> **Goal of the exercise**
Within the records below is a range that opens at the line with "flights to Thailand." and closes at the line with "The scene is". Return that range word for word, both ends included, and only that range.

> **Information supplied**
▼
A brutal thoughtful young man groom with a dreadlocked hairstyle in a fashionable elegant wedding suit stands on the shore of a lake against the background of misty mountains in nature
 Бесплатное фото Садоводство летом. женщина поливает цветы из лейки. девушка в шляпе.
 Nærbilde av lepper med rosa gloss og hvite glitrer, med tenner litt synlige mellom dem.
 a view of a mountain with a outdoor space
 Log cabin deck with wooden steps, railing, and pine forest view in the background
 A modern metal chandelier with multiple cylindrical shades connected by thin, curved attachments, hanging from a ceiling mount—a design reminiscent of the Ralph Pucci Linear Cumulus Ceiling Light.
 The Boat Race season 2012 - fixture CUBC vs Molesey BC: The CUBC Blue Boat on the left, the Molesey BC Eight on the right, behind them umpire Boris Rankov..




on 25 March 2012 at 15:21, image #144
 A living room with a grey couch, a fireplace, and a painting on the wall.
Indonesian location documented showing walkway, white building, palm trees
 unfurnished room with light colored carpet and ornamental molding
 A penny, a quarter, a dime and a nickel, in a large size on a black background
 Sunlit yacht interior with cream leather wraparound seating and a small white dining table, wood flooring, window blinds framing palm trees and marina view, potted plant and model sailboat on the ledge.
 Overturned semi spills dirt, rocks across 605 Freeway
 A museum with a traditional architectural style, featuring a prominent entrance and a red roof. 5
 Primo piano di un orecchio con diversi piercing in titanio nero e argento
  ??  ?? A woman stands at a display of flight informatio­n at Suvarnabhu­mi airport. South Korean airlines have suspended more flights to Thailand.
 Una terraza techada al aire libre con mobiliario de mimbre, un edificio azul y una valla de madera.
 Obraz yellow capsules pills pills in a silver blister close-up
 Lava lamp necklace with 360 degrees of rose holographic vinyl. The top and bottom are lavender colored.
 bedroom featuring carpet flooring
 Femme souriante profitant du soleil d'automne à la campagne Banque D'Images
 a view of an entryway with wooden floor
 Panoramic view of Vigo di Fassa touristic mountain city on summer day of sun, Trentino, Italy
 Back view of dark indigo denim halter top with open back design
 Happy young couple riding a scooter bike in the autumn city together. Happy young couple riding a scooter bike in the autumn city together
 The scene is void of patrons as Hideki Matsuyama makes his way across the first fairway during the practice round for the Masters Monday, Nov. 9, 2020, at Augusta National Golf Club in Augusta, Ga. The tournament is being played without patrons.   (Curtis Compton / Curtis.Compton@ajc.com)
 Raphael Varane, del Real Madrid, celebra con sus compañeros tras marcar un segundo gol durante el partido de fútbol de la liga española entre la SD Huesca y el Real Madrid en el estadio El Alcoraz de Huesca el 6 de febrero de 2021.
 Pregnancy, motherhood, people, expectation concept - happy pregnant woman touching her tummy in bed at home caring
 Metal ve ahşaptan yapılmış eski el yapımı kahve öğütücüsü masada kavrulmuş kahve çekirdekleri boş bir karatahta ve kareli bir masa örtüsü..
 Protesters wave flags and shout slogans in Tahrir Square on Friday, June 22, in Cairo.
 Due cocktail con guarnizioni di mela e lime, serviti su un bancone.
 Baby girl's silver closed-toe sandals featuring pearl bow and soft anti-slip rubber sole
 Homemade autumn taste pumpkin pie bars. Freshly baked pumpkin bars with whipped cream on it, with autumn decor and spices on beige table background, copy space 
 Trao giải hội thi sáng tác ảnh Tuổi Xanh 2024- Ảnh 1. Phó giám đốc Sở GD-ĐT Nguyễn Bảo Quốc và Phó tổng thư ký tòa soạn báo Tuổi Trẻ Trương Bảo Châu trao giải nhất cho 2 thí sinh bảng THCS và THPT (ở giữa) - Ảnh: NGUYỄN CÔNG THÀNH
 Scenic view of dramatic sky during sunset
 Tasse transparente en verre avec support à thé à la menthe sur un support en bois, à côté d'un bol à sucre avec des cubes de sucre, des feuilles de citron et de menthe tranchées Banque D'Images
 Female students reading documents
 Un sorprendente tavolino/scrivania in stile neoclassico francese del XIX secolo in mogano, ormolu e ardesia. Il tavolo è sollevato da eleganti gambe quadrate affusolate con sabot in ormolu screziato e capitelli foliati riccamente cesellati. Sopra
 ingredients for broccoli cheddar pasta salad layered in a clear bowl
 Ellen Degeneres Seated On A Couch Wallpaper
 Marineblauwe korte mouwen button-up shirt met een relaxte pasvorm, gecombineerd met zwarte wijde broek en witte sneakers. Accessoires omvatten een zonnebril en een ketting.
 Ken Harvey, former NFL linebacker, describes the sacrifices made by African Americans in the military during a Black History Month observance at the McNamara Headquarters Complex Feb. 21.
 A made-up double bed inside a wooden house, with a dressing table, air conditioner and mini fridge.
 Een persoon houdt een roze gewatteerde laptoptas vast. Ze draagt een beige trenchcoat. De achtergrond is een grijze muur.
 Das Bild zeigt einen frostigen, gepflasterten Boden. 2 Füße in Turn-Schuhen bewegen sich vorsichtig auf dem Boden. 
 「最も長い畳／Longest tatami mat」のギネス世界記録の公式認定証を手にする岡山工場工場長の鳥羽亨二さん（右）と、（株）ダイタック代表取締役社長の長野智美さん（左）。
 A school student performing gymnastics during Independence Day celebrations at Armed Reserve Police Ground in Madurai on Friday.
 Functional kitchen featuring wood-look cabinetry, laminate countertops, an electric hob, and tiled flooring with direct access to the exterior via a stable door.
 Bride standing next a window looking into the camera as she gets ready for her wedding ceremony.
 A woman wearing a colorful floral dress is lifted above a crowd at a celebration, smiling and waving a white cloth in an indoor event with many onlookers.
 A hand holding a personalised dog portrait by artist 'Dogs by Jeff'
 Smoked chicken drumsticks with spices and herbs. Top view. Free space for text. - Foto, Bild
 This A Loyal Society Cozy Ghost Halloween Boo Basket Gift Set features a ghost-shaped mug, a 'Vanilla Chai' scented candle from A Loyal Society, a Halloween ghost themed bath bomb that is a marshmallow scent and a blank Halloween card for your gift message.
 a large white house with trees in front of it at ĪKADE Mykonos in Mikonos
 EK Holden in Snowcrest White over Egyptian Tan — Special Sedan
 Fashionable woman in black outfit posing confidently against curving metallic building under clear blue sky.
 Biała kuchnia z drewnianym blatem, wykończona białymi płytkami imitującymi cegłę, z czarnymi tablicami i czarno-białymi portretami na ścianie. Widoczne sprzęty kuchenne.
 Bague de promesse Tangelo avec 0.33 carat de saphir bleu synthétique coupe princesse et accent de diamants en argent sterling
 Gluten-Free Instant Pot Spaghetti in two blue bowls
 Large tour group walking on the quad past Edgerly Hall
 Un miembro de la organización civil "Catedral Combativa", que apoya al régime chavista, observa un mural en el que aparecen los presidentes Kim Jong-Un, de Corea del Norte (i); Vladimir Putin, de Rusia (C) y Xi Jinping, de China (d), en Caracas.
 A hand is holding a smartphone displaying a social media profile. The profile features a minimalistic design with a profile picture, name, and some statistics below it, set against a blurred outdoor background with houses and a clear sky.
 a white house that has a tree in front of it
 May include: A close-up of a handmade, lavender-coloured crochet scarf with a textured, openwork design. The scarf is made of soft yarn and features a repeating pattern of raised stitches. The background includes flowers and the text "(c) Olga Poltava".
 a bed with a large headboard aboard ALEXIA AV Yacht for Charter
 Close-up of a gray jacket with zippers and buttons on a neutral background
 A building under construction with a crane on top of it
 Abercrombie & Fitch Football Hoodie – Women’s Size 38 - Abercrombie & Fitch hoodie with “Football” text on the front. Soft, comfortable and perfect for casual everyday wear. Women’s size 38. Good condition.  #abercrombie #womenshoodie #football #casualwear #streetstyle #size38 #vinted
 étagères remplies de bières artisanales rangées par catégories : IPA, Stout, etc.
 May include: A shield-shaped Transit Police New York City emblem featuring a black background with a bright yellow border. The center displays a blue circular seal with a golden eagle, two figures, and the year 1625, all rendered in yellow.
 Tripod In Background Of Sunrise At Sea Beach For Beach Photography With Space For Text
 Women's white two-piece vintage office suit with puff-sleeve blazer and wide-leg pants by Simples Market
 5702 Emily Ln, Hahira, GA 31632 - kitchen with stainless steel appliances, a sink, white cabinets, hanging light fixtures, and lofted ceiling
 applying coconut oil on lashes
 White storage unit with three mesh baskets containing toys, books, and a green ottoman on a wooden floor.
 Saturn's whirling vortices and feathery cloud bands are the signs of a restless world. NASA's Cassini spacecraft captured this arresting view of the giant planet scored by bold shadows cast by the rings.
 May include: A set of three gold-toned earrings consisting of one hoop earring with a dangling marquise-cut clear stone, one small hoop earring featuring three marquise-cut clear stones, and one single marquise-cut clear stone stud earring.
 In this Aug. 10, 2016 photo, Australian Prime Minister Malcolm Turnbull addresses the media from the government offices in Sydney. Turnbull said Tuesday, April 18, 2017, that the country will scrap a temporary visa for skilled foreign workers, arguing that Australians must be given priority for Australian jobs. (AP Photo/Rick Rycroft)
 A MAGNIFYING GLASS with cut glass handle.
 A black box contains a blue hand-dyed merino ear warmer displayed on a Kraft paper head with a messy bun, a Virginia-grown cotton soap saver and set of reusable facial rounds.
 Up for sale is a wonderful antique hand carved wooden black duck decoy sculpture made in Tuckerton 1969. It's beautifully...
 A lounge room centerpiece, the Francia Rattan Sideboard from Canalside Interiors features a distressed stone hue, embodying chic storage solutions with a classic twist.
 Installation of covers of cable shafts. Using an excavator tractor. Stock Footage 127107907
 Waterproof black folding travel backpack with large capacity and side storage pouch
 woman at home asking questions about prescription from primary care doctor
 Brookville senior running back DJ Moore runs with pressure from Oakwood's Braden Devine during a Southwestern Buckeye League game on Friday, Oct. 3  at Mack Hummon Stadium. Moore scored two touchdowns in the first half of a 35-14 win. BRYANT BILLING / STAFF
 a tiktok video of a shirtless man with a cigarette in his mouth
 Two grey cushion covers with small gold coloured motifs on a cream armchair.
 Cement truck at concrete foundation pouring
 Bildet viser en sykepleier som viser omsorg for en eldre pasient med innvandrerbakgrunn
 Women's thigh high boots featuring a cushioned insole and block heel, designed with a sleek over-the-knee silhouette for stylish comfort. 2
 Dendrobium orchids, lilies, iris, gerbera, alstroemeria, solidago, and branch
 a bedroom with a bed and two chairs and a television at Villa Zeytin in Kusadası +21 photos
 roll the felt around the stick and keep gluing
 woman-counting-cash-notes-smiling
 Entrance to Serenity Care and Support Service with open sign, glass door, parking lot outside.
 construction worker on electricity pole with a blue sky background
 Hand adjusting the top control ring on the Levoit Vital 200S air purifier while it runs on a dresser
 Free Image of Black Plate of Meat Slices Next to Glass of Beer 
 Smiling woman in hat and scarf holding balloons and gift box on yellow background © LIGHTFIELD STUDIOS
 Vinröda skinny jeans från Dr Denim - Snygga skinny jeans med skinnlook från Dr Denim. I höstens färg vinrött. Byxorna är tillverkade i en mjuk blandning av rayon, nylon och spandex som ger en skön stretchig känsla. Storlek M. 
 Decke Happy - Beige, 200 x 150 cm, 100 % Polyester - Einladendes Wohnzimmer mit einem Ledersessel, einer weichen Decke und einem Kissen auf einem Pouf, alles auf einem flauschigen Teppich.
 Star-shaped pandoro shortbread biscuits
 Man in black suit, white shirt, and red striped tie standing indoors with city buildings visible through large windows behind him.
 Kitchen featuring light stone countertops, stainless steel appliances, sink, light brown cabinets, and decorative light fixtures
▲
> **Solution for this task**
  ??  ?? A woman stands at a display of flight informatio­n at Suvarnabhu­mi airport. South Korean airlines have suspended more flights to Thailand.
 Una terraza techada al aire libre con mobiliario de mimbre, un edificio azul y una valla de madera.
 Obraz yellow capsules pills pills in a silver blister close-up
 Lava lamp necklace with 360 degrees of rose holographic vinyl. The top and bottom are lavender colored.
 bedroom featuring carpet flooring
 Femme souriante profitant du soleil d'automne à la campagne Banque D'Images
 a view of an entryway with wooden floor
 Panoramic view of Vigo di Fassa touristic mountain city on summer day of sun, Trentino, Italy
 Back view of dark indigo denim halter top with open back design
 Happy young couple riding a scooter bike in the autumn city together. Happy young couple riding a scooter bike in the autumn city together
 The scene is void of patrons as Hideki Matsuyama makes his way across the first fairway during the practice round for the Masters Monday, Nov. 9, 2020, at Augusta National Golf Club in Augusta, Ga. The tournament is being played without patrons.   (Curtis Compton / Curtis.Compton@ajc.com)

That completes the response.